WORK INSTRUCTION:
Below this line is a listing that includes pictures. Copy exactly, and only, the lines from the one containing "blanket50fl whi z1" through the one containing "Black friday!!! :)"; the pictures do not go in the copy.

INFORMATION SHOWN:
□ □ □ □ □ □ □
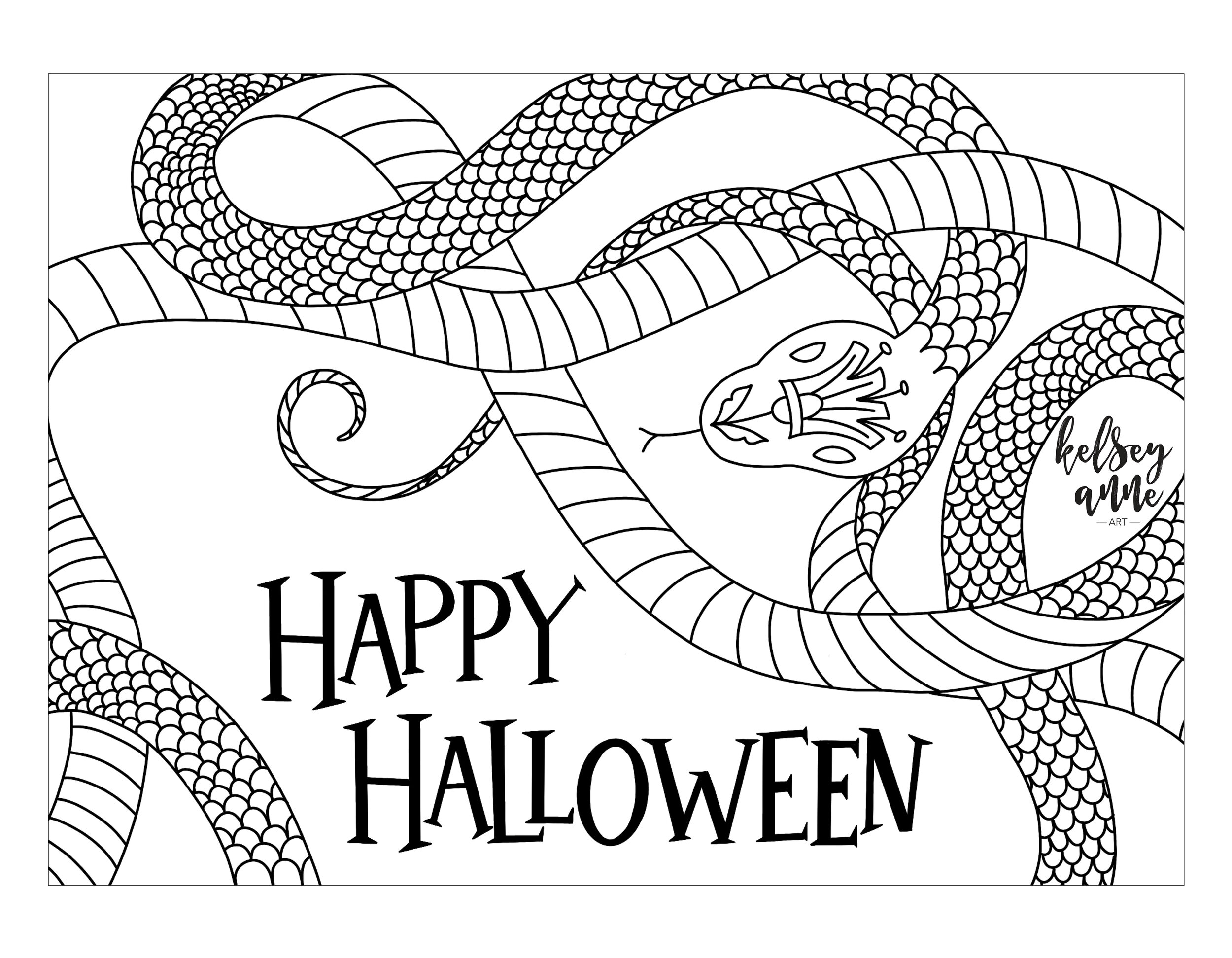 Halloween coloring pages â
□ □ □ □ □ □ □
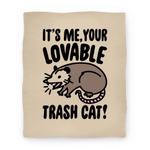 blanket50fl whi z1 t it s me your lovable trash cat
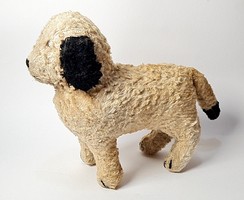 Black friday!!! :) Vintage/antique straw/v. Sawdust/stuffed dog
□ □ □ □ □ □ □
SOLUTION FOR THIS TASK:
 blanket50fl whi z1 t it s me your lovable trash cat
 Black friday!!! :) Vintage/antique straw/v. Sawdust/stuffed dog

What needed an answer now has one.